Monday, November 23, 2015

Crockpot Chicken Pot Pie Stew

This recipe is chicken pot pie meets crockpot, and definitely results in awesomeness! It's especially lovely on a cold winter night. I only have a small crockpot (same size as an Instapot), but this recipe fits it well. The original recipe can be found here, while my somewhat modified recipe is, of course, below. Enjoy!
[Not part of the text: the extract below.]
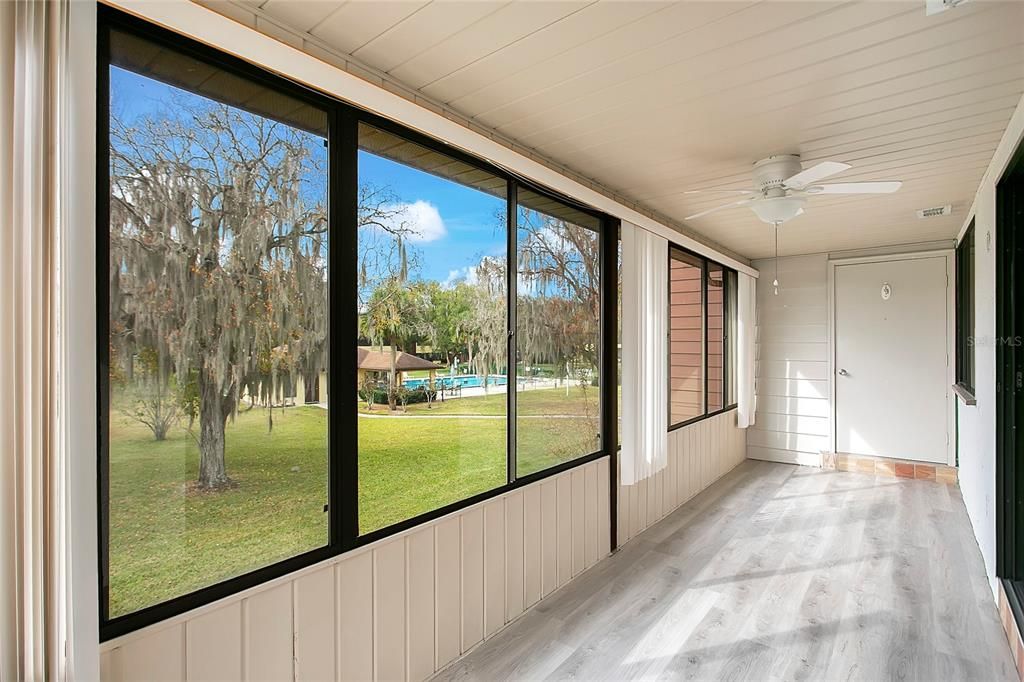 For Sale: $159,500 (2 beds, 2 baths, 1072 Square Feet)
Crockpot Chicken Pot Pie Stew
(7 servings)

Ingredients
450g / 1lb of chicken* (cubed)
3 medium potatoes (cubed or chunked)
2 medium carrots (sliced or cubed)
2 stalks of celery (chopped)
284ml / 9.5z of canned cream of chicken soup
284ml / 9.5z of canned cream of mushroom soup
568ml / 19oz of water
1 small onion (chopped)
5 cloves of garlic (crushed/minced)
Black pepper (to taste)
Dried parsley (to taste)
Powdered ginger (to taste)
Salt (to taste)
3/4 cup of frozen peas
1/2 cup of parmesan (to taste)

*I've used chicken breast and chicken thighs and both work well. Use what you've got!

Directions
1) Add the chicken, potatoes, carrots, celery, peas, onion, soups (plus two cans' worth of water), garlic, ginger, parsley, pepper, and salt to your crockpot, give everything a stir, and then cook on high for 6 hours.
2) Stir in the parmesan, check the taste (adjusting the seasoning as needed), and enjoy!